Advertising of prescription medicines to the public is not permitted in Australia but advertising of OTC drugs is allowed. ‘Direct-to-consumer’ drug advertising is legal in NZ and the USA, and is very effective in increasing demand for prescription medicines. Drug companies can also boost the demand for their products by defining common, mild problems (such as mild dyspepsia, headache, baldness or anxiety) as diseases requiring drug treatment and running ‘disease-awareness’ campaigns. This adds to the heavy costs of drugs to governments.

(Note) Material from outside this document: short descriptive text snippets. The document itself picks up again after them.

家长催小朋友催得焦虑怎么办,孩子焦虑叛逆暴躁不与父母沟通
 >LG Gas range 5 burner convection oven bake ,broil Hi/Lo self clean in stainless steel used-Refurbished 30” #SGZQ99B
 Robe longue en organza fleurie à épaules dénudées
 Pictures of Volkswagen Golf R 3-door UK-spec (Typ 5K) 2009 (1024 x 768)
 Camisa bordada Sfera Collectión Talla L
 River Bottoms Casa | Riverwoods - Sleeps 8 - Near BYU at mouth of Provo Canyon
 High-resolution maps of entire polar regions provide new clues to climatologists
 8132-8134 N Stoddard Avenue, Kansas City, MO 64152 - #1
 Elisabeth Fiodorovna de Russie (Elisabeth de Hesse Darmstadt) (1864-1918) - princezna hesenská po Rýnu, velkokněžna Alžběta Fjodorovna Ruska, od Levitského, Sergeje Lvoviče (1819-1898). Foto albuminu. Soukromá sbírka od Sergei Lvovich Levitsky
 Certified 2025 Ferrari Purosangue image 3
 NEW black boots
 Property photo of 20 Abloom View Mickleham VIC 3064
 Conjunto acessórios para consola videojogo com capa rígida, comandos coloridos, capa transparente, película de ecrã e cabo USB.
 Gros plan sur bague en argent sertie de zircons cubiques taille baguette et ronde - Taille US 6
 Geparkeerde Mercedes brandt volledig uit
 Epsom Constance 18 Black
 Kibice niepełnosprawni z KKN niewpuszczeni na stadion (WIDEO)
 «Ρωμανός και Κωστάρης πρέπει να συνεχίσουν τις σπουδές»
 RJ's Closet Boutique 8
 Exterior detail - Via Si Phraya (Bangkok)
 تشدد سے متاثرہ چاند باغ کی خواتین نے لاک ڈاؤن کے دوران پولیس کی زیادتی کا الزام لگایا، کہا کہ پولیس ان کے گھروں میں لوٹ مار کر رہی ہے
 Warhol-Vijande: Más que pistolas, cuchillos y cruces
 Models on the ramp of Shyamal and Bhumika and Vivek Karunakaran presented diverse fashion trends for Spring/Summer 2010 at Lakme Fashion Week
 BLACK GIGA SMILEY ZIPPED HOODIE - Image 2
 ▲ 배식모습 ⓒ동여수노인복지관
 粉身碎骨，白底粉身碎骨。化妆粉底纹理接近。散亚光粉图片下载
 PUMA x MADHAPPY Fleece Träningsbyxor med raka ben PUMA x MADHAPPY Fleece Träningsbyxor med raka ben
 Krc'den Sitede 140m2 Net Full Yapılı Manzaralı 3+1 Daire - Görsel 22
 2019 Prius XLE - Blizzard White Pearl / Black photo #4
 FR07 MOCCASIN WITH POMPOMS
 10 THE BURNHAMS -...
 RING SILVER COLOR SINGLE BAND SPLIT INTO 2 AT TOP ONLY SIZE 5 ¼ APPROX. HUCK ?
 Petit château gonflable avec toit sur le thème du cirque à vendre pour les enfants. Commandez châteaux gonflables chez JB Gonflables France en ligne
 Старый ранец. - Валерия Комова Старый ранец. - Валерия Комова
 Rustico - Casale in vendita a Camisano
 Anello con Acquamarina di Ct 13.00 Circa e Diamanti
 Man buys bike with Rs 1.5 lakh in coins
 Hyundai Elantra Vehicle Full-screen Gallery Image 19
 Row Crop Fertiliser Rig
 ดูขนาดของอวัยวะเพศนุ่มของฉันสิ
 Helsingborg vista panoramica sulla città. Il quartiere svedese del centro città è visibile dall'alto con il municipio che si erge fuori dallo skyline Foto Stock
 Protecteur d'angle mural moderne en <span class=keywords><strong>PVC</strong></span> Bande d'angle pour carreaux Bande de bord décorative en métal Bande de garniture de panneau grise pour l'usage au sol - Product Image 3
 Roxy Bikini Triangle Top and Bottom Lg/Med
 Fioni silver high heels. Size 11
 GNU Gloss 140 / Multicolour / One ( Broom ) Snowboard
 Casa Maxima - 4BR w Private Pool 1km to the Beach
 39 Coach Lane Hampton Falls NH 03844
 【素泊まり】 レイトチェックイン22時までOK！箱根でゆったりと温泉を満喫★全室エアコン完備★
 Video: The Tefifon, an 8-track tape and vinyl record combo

Advertisements generally, whether in medical journals, glossy magazines, on television or the Internet, should be monitored for superficial or misleading information, shock tactics, insidious comparisons and stereotyping. It is instructive, for example, to check for advertisements aimed at the middle-aged male doctor, with subtle references to anxious housewives, children who may ‘need’ antibiotics for a cold, confused elderly women or stressed hypertensive male business executives. Advertisements should emphasise the information supplied, rather than aiming to catch the eye or shock with sexist or racist images.

Relationships between health practitioners and the pharmaceutical industry

Doctors and other health professionals in a position to prescribe or encourage drug use are often ‘wooed’ by representatives from drug companies to increase their prescribing of a particular drug. Incentives may range from equipment for the desk and lunches after seminars to subsidisation of trips to overseas conferences or funding for research. While doctors generally maintain that they can resist such pressures, studies have shown that even subconsciously their prescribing patterns are affected by pressure from drug company ‘reps’. As more health professionals (nurse practitioners, optometrists, podiatrists) gain the right to prescribe drugs, they will be subject to similar pressures. There is a range of positions that prescribers can adopt, from refusing all gifts,¹¹ so as to avoid all compromise, through to acceptance of lavish gifts while hoping to maintain independence.

The chief concerns about these practices are that commercial objectives override properly prioritised health care, education and research; that advertising inevitably increases prescribing of the company’s drugs; and that there may be distortions in scientific evidence, evaluations and publications. Most biomedical journals now require that authors declare all conflicts of interest. Institutions and learned colleges expect there will be minimal acceptance of gifts or support, and that research and publication will be guided by scientific and ethical values.

As part of marketing strategies, sample ‘starter packs’ of drugs are often given to doctors by drug companies, with the obvious hope that these will be passed out to patients who will then expect continuing prescriptions for the drug. While this may be useful in some cases, there have been problems reported, e.g. inadequate information as to dosage, administration, storage and possible adverse effects, and some patients have been given excessive quantities of drugs without adequate monitoring.